Ring the bells that still can ring
Forget your perfect offering
There is a crack, a crack in everything (there is a crack in everything).
That’s how the light gets in.

(It’s excellent. You can listen to it from Cohen’s 2008 London concert on Youtube:

So I seek now to ring the bells that still can ring (or at least the bells I can now ring). That’s why I’m still doing this work though I’ve graduated: if I can make a difference to people who experience pain and misunderstanding, whether it be students with disabilities or the people they will serve, I want to do that.

Though I no longer teach in a classroom, I still believe in the importance of education, and I believe my experiences as an educator inform the work I do. I still work with teenagers sometimes: I volunteer to work with high school students in the Seattle School District who aim to be the first in their families to go to college.
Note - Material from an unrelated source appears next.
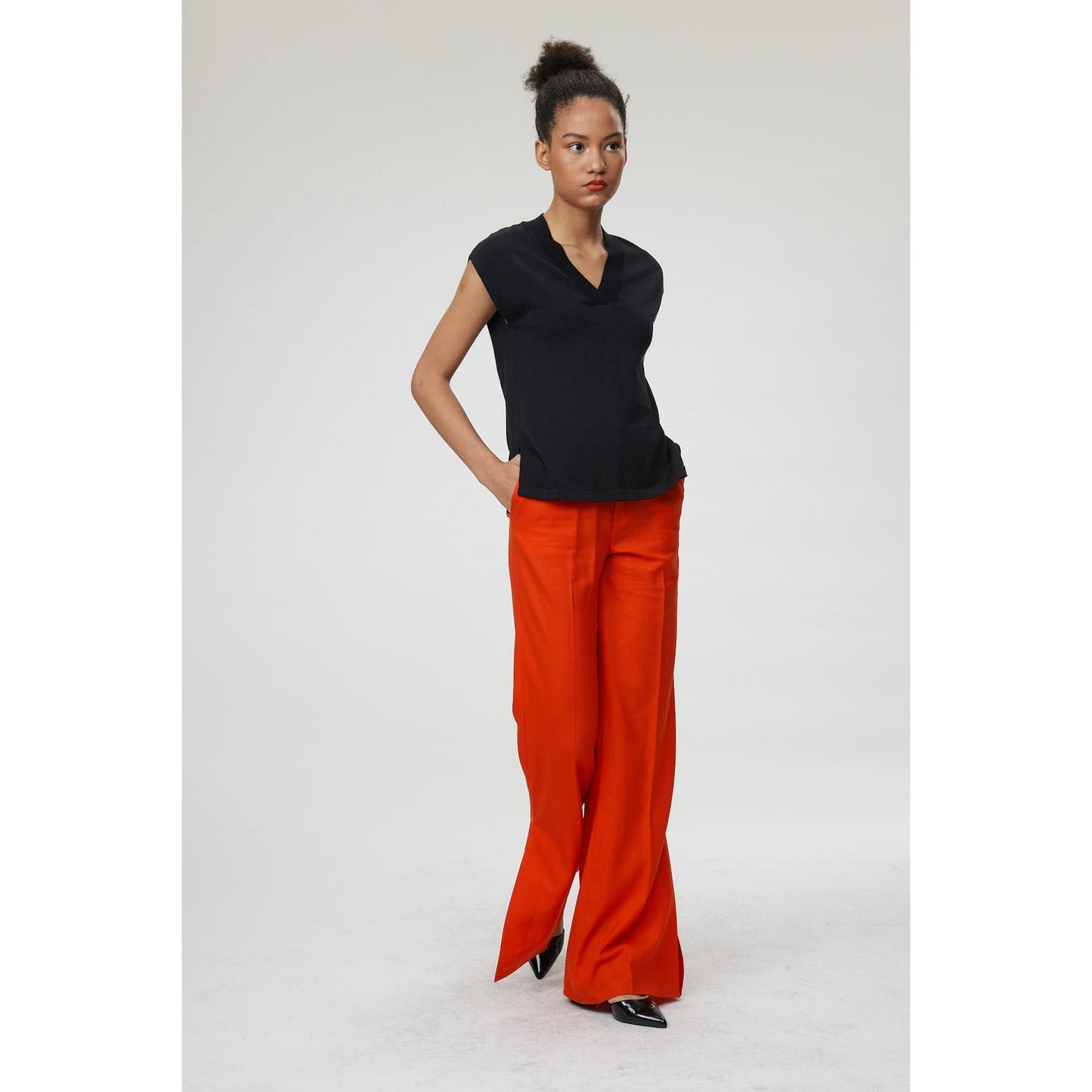 Women Emilia Trouser - Slim-Fit Bootcut Trousers in Poppy Red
I also hope to work with homeless teenagers in finding their own voices. (I’ll let you know if that works out.)

But my scope is broader: I know now that I love Iconnecting with others who’ve experienced life-changing health conditions, including the elders with whom I’ve explored poetry for the last sixteen months.

I seek to bring more love to the world. That’s it. My dad says that’s noble. Maybe. Or maybe it’s selfish: it’s a way to believe my life is still meaningful. Or maybe it’s both noble and selfish.

Anyway, that’s a fuller answer to why I do what I do.